This morning I updated my chart of mortgage approvals per capita. I’ve shown it previously and I like it because it is very timely data. As you can see, the number of mortgage approvals per capita is running just slightly ahead of last year’s level. But the number of approvals is running below the average, for the time of year, in the 12 year history of the series. In fact, in only three years (2010, 2011, and 2014) have approvals been lower than they are this year.
What do I take from this? First, it reiterates the point that across the country as a whole the housing markets are not particularly buoyant. House sales per capita are far below the peak in the previous boom. Most places have real house prices below previous (2007) peaks, and in most places nominal house prices are pretty flat.
Auckland is a (big) exception. If we had mortgage approvals data on a regional basis, perhaps we’d find that Auckland’s were nearer to or even above the historical median, while the rest of the country might be tracing the lows. But the non-resident demand for houses in Auckland may also be relevant here. We don’t know how large the contribution of that demand to rising house prices is, but much of those purchases (however large or small they are) are probably either cash purchases, or perhaps financed with credit from abroad (not captured in New Zealand data).
I think these data also tend – not conclusively, but suggestively – to confirm the line I ran in my submission last week on proposed investor finance controls.
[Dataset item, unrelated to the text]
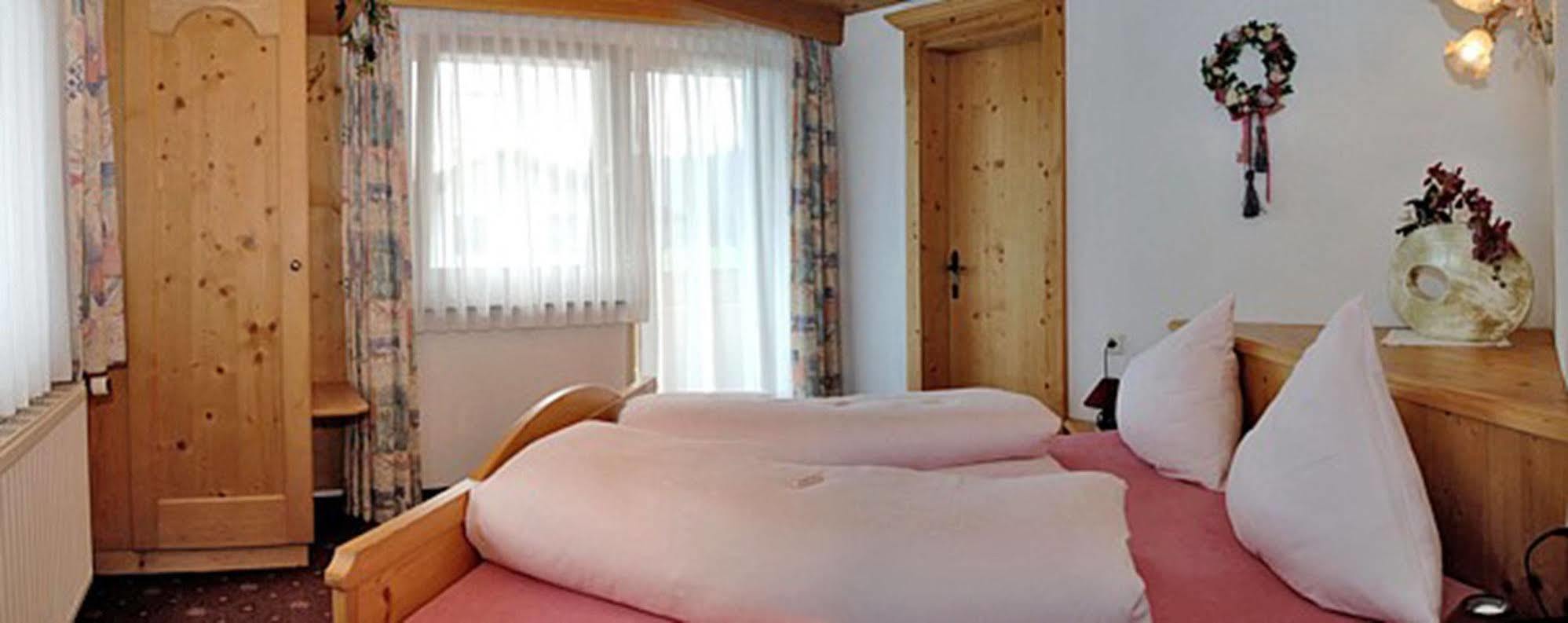 Pension Und Apartments Landhaus Marie 로이타쉬 외부 사진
There is simply no evidence that rising house prices in Auckland are to any material extent the result a credit-driven process. If they were, not only should the Reserve Bank be able to point to concrete evidence of deteriorating lending standards, but we would also expect to see lots of mortgages being approved. In fact, only three years have been weaker.
Changing tack, I see that print edition of the NBR has an article about what is described as a “war of words” between Shamubeel Eaqub and me, about the contribution of immigration policy to the house prices pressures in Auckland over time. I didn’t recognise the description (“war of words”) and the print edition of NBR isn’t sold this far out in the suburbs so I haven’t yet seen the article, but I just wanted to explain again the difference in how Shamubeel and I are interpreting the same data. I set it out here a few weeks ago.
Shamubeel notes (correctly) that net migration has accounted for only 9 per cent of household formation in New Zealand over the last 50 years. My point is quite simply that net PLT migration (which is probably understated on average over time) is not a description of the contribution of immigration policy. Immigration policy affects the arrival (and duration of stay) of non-citizens. Using the net flow of non-citizens as a proxy for the policy-controlled bit, I concluded that immigration policy accounts for most of the household formation in New Zealand in the last couple of decades. Since 2006, on this proxy, it accounted for 106 per cent of household formation.
I think it would be entirely reasonable to say that, on the one hand, the large net migration outflow of New Zealand citizens over decades has greatly eased pressure on the housing market (taking as given land use restrictions), and, on the other hand, the large net inflow of non-NZ citizens, which is over time a policy-controlled variable, has (even more) greatly exacerbated those pressures. The net effect of the two independent forces might have been modest over 50 years, but one limb is the endogenous behaviour of private NZ citizens, and the other is the direct outcome of policy choices. I might comment further later when I’ve seen the NBR piece.